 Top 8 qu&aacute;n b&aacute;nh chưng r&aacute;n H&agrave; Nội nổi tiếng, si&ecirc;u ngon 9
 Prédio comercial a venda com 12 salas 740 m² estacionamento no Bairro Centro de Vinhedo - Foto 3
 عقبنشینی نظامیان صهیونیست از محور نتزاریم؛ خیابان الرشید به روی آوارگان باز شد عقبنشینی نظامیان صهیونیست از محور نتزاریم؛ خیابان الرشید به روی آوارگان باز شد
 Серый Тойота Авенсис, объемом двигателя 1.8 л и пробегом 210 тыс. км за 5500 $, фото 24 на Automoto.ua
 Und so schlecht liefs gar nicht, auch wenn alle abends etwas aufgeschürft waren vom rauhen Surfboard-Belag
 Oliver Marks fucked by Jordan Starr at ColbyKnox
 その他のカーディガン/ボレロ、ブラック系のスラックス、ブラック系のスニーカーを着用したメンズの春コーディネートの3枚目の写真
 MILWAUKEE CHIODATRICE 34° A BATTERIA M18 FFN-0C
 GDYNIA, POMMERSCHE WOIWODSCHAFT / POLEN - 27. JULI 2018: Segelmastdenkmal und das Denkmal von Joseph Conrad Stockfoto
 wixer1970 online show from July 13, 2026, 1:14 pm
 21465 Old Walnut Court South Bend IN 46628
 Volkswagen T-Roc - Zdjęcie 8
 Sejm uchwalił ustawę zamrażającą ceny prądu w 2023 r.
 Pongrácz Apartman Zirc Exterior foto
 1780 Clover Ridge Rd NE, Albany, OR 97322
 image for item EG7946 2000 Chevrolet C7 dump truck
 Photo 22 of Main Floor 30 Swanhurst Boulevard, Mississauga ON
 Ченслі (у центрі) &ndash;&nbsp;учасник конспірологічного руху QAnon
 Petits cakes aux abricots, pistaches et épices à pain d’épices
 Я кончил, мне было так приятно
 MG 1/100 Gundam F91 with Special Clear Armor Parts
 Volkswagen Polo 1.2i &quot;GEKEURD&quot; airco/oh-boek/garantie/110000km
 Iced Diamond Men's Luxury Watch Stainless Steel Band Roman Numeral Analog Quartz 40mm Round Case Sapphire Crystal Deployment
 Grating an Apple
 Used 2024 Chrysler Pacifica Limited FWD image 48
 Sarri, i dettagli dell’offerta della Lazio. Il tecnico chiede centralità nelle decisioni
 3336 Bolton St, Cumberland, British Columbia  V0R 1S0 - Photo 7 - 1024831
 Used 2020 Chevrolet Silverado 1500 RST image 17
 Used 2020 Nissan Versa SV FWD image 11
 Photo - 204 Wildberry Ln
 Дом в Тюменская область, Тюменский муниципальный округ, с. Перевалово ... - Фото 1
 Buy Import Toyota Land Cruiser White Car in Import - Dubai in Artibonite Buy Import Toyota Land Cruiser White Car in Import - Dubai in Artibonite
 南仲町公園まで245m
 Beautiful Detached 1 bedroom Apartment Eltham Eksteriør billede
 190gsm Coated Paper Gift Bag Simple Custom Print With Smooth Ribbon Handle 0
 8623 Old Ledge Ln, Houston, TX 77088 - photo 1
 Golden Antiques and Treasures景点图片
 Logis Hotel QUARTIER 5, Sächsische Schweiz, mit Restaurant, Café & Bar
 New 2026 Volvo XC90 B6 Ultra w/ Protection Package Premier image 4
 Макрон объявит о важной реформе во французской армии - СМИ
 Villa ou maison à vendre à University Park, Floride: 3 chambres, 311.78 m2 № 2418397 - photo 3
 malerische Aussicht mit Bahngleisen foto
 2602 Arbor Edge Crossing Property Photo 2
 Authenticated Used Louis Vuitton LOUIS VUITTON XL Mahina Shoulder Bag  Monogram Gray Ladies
************
YOUR OBJECTIVE: Each entry should be duplicated exactly as it was given.

RESPONSE:
 Top 8 qu&aacute;n b&aacute;nh chưng r&aacute;n H&agrave; Nội nổi tiếng, si&ecirc;u ngon 9
 Prédio comercial a venda com 12 salas 740 m² estacionamento no Bairro Centro de Vinhedo - Foto 3
 عقبنشینی نظامیان صهیونیست از محور نتزاریم؛ خیابان الرشید به روی آوارگان باز شد عقبنشینی نظامیان صهیونیست از محور نتزاریم؛ خیابان الرشید به روی آوارگان باز شد
 Серый Тойота Авенсис, объемом двигателя 1.8 л и пробегом 210 тыс. км за 5500 $, фото 24 на Automoto.ua
 Und so schlecht liefs gar nicht, auch wenn alle abends etwas aufgeschürft waren vom rauhen Surfboard-Belag
 Oliver Marks fucked by Jordan Starr at ColbyKnox
 その他のカーディガン/ボレロ、ブラック系のスラックス、ブラック系のスニーカーを着用したメンズの春コーディネートの3枚目の写真
 MILWAUKEE CHIODATRICE 34° A BATTERIA M18 FFN-0C
 GDYNIA, POMMERSCHE WOIWODSCHAFT / POLEN - 27. JULI 2018: Segelmastdenkmal und das Denkmal von Joseph Conrad Stockfoto
 wixer1970 online show from July 13, 2026, 1:14 pm
 21465 Old Walnut Court South Bend IN 46628
 Volkswagen T-Roc - Zdjęcie 8
 Sejm uchwalił ustawę zamrażającą ceny prądu w 2023 r.
 Pongrácz Apartman Zirc Exterior foto
 1780 Clover Ridge Rd NE, Albany, OR 97322
 image for item EG7946 2000 Chevrolet C7 dump truck
 Photo 22 of Main Floor 30 Swanhurst Boulevard, Mississauga ON
 Ченслі (у центрі) &ndash;&nbsp;учасник конспірологічного руху QAnon
 Petits cakes aux abricots, pistaches et épices à pain d’épices
 Я кончил, мне было так приятно
 MG 1/100 Gundam F91 with Special Clear Armor Parts
 Volkswagen Polo 1.2i &quot;GEKEURD&quot; airco/oh-boek/garantie/110000km
 Iced Diamond Men's Luxury Watch Stainless Steel Band Roman Numeral Analog Quartz 40mm Round Case Sapphire Crystal Deployment
 Grating an Apple
 Used 2024 Chrysler Pacifica Limited FWD image 48
 Sarri, i dettagli dell’offerta della Lazio. Il tecnico chiede centralità nelle decisioni
 3336 Bolton St, Cumberland, British Columbia  V0R 1S0 - Photo 7 - 1024831
 Used 2020 Chevrolet Silverado 1500 RST image 17
 Used 2020 Nissan Versa SV FWD image 11
 Photo - 204 Wildberry Ln
 Дом в Тюменская область, Тюменский муниципальный округ, с. Перевалово ... - Фото 1
 Buy Import Toyota Land Cruiser White Car in Import - Dubai in Artibonite Buy Import Toyota Land Cruiser White Car in Import - Dubai in Artibonite
 南仲町公園まで245m
 Beautiful Detached 1 bedroom Apartment Eltham Eksteriør billede
 190gsm Coated Paper Gift Bag Simple Custom Print With Smooth Ribbon Handle 0
 8623 Old Ledge Ln, Houston, TX 77088 - photo 1
 Golden Antiques and Treasures景点图片
 Logis Hotel QUARTIER 5, Sächsische Schweiz, mit Restaurant, Café & Bar
 New 2026 Volvo XC90 B6 Ultra w/ Protection Package Premier image 4
 Макрон объявит о важной реформе во французской армии - СМИ
 Villa ou maison à vendre à University Park, Floride: 3 chambres, 311.78 m2 № 2418397 - photo 3
 malerische Aussicht mit Bahngleisen foto
 2602 Arbor Edge Crossing Property Photo 2
 Authenticated Used Louis Vuitton LOUIS VUITTON XL Mahina Shoulder Bag  Monogram Gray Ladies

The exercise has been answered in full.